The range ambiguities arise from undesired echoes of adjacent pulses. In conventional quad-pol SAR, desired cross-pol echoes (HV/VH) suffer from severe odd-order range ambiguities that come from stronger co-polarizations (HH/VV). From Figure 1 and Equation (2), it can be seen that the power of echoes (e.g., H+ and H−) from interleaved transmitted signals is balanced equivalently. And then the range ambiguity performance is balanced [5,8].

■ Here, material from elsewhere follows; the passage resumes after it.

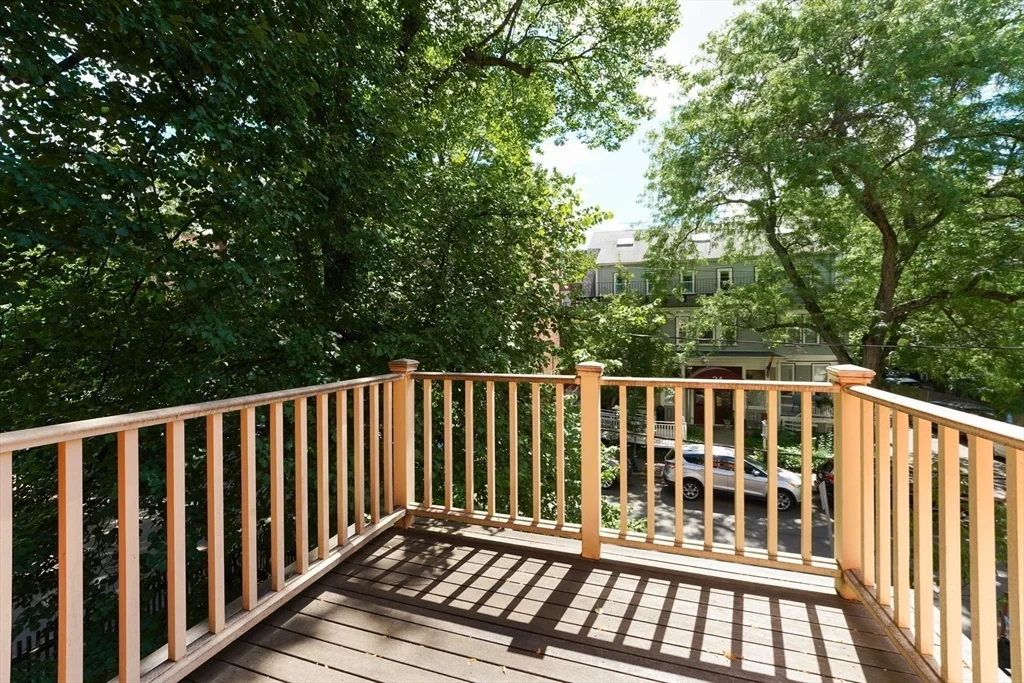 4 bed, 4+ bath apartment for rent at 23 Irving St Unit 1, Mid Cambridge — photo 10 of 20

• Signal Analysis & Azimuth Ambiguity in Hybrid Quad-pol Mode

For hybrid quad-pol SAR, the main purpose is to obtain the four polarized data under conventional linear polarimetric bases, i.e., HH/HV/VH/VV, from the acquired hybrid data, see Equation (2).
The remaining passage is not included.